At oral argument, the Attorney General conceded it had decided to proceed exclusively under this one particular statutory *357 provision. It could have proceeded under another statutory provision, such as a criminal investigative subpoena if other relevant criteria were satisfied, which would not require the subpoena to qualify as connected to "trade or commerce" under FDUTPA. This was exclusively the choice of the state.

We find that the trial court did not err in quashing the civil investigative subpoena since the information sought under this subpoena had no connection or nexus to "trade or commerce," which is a key component of the FDUTPA statute. The Attorney General argued at the hearing before the trial court that this particular subpoena could be utilized since it was merely "gathering evidence." Although that is unquestionably true for all investigative subpoenas, there still has to be statutory basis for the issuance of a subpoena that is moored to a particular statute, that being FDUTPA in this case.

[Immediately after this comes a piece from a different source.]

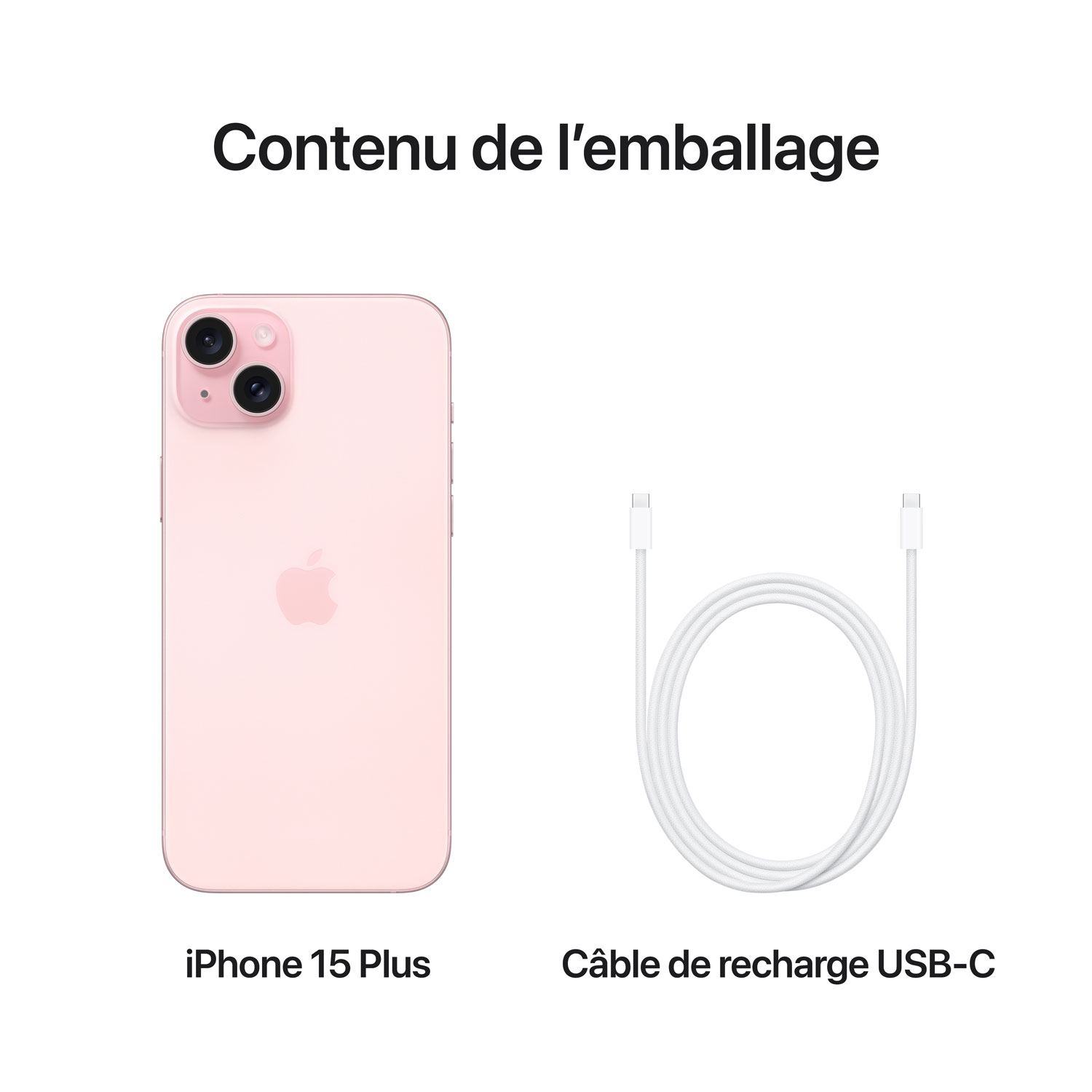iPhone 15 Plus de 512 Go d'Apple avec Koodo - Rose - Paiement Balance mensuel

We are compelled to require that the subpoena issued pursuant to a specific statute be connected to that particular statute. As Justice Cardozo once wrote: "We do not pause to consider whether a statute differently conceived and framed would yield results more consonant with fairness and reason. We take the statute as we find it." Anderson v. Wilson, 289 U.S. 20, 27, 53 S. Ct. 417, 77 L. Ed. 1004 (1933). Similarly, we take FDUTPA as we find it, and we affirm the trial court's order to quash the subpoena.

Affirmed.

WARNER and HAZOURI, JJ., concur.

NOTES

[1] The Office of the Attorney General does not challenge the trial court's determination that the investigative subpoena was overbroad, vague, and unduly burdensome. Instead, it challenges the trial court's other determination that the Office of the Attorney General lacks authority to issue the civil investigative subpoena pursuant to FDUTPA, so it can withdraw the subpoena and issue a new subpoena "more narrowly tailored than the original."

[2] At the hearing, counsel for the Attorney General conceded that the "front of the subpoena does misstate the purpose of the investigation."

[3] This case was originally filed as a petition for writ of certiorari, but we have re-designated it as a final appeal since the trial court's ruling disposed of the entire pending matter. See Fla. R.App. P. 9.040(c); Transcall Am., Inc. v. Butterworth, 604 So. 2d 1253 (Fla. 1st DCA 1992).